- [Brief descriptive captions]
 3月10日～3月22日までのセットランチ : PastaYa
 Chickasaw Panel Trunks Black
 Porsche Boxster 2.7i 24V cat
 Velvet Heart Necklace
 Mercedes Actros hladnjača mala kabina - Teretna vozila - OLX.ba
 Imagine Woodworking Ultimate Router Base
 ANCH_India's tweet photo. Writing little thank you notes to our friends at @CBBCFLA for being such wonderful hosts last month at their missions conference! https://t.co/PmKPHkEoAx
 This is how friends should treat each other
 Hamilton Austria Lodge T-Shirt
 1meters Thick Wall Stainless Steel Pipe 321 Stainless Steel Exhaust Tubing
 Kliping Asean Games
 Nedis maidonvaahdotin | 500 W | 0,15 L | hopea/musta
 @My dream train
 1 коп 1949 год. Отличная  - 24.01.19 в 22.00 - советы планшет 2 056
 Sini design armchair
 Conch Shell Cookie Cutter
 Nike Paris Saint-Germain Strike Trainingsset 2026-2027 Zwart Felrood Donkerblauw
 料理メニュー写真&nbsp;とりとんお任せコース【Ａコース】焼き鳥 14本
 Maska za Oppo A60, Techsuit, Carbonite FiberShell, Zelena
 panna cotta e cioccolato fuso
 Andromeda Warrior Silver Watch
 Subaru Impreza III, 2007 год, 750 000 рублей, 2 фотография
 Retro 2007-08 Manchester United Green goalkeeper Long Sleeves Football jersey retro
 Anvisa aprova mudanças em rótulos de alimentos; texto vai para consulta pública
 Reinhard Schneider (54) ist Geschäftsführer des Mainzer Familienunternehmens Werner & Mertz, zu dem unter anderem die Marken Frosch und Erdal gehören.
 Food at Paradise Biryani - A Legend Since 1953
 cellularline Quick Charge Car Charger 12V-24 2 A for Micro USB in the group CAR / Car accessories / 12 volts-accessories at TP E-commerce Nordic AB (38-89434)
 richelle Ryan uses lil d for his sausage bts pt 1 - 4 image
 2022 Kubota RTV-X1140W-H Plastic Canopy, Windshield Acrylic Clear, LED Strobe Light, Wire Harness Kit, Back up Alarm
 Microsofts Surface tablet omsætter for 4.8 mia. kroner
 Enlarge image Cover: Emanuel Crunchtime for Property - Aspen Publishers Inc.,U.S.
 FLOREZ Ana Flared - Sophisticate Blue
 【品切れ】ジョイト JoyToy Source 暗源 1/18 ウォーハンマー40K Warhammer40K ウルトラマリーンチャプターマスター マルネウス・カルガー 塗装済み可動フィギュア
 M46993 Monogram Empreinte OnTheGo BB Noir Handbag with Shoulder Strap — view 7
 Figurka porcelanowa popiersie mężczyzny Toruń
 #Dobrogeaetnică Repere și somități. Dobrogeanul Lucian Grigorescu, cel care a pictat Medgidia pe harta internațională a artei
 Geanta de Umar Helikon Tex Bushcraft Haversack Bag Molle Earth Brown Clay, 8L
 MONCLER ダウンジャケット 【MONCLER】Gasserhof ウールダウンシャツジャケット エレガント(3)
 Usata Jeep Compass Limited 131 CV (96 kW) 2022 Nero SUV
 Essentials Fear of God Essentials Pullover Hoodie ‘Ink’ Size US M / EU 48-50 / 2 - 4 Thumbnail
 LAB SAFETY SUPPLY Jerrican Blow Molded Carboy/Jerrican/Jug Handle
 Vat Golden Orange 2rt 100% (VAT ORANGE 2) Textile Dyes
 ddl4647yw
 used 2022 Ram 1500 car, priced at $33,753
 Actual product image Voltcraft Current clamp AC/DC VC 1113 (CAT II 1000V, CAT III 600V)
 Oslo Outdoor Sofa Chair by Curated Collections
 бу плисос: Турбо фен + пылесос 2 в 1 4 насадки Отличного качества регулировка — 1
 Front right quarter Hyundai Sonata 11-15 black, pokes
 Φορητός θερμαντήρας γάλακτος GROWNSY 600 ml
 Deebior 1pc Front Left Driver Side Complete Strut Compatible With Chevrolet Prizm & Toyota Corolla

- [Exercise description] Output each of the records exactly as it stands above.

- [Solution to the exercise]
 3月10日～3月22日までのセットランチ : PastaYa
 Chickasaw Panel Trunks Black
 Porsche Boxster 2.7i 24V cat
 Velvet Heart Necklace
 Mercedes Actros hladnjača mala kabina - Teretna vozila - OLX.ba
 Imagine Woodworking Ultimate Router Base
 ANCH_India's tweet photo. Writing little thank you notes to our friends at @CBBCFLA for being such wonderful hosts last month at their missions conference! https://t.co/PmKPHkEoAx
 This is how friends should treat each other
 Hamilton Austria Lodge T-Shirt
 1meters Thick Wall Stainless Steel Pipe 321 Stainless Steel Exhaust Tubing
 Kliping Asean Games
 Nedis maidonvaahdotin | 500 W | 0,15 L | hopea/musta
 @My dream train
 1 коп 1949 год. Отличная  - 24.01.19 в 22.00 - советы планшет 2 056
 Sini design armchair
 Conch Shell Cookie Cutter
 Nike Paris Saint-Germain Strike Trainingsset 2026-2027 Zwart Felrood Donkerblauw
 料理メニュー写真&nbsp;とりとんお任せコース【Ａコース】焼き鳥 14本
 Maska za Oppo A60, Techsuit, Carbonite FiberShell, Zelena
 panna cotta e cioccolato fuso
 Andromeda Warrior Silver Watch
 Subaru Impreza III, 2007 год, 750 000 рублей, 2 фотография
 Retro 2007-08 Manchester United Green goalkeeper Long Sleeves Football jersey retro
 Anvisa aprova mudanças em rótulos de alimentos; texto vai para consulta pública
 Reinhard Schneider (54) ist Geschäftsführer des Mainzer Familienunternehmens Werner & Mertz, zu dem unter anderem die Marken Frosch und Erdal gehören.
 Food at Paradise Biryani - A Legend Since 1953
 cellularline Quick Charge Car Charger 12V-24 2 A for Micro USB in the group CAR / Car accessories / 12 volts-accessories at TP E-commerce Nordic AB (38-89434)
 richelle Ryan uses lil d for his sausage bts pt 1 - 4 image
 2022 Kubota RTV-X1140W-H Plastic Canopy, Windshield Acrylic Clear, LED Strobe Light, Wire Harness Kit, Back up Alarm
 Microsofts Surface tablet omsætter for 4.8 mia. kroner
 Enlarge image Cover: Emanuel Crunchtime for Property - Aspen Publishers Inc.,U.S.
 FLOREZ Ana Flared - Sophisticate Blue
 【品切れ】ジョイト JoyToy Source 暗源 1/18 ウォーハンマー40K Warhammer40K ウルトラマリーンチャプターマスター マルネウス・カルガー 塗装済み可動フィギュア
 M46993 Monogram Empreinte OnTheGo BB Noir Handbag with Shoulder Strap — view 7
 Figurka porcelanowa popiersie mężczyzny Toruń
 #Dobrogeaetnică Repere și somități. Dobrogeanul Lucian Grigorescu, cel care a pictat Medgidia pe harta internațională a artei
 Geanta de Umar Helikon Tex Bushcraft Haversack Bag Molle Earth Brown Clay, 8L
 MONCLER ダウンジャケット 【MONCLER】Gasserhof ウールダウンシャツジャケット エレガント(3)
 Usata Jeep Compass Limited 131 CV (96 kW) 2022 Nero SUV
 Essentials Fear of God Essentials Pullover Hoodie ‘Ink’ Size US M / EU 48-50 / 2 - 4 Thumbnail
 LAB SAFETY SUPPLY Jerrican Blow Molded Carboy/Jerrican/Jug Handle
 Vat Golden Orange 2rt 100% (VAT ORANGE 2) Textile Dyes
 ddl4647yw
 used 2022 Ram 1500 car, priced at $33,753
 Actual product image Voltcraft Current clamp AC/DC VC 1113 (CAT II 1000V, CAT III 600V)
 Oslo Outdoor Sofa Chair by Curated Collections
 бу плисос: Турбо фен + пылесос 2 в 1 4 насадки Отличного качества регулировка — 1
 Front right quarter Hyundai Sonata 11-15 black, pokes
 Φορητός θερμαντήρας γάλακτος GROWNSY 600 ml
 Deebior 1pc Front Left Driver Side Complete Strut Compatible With Chevrolet Prizm & Toyota Corolla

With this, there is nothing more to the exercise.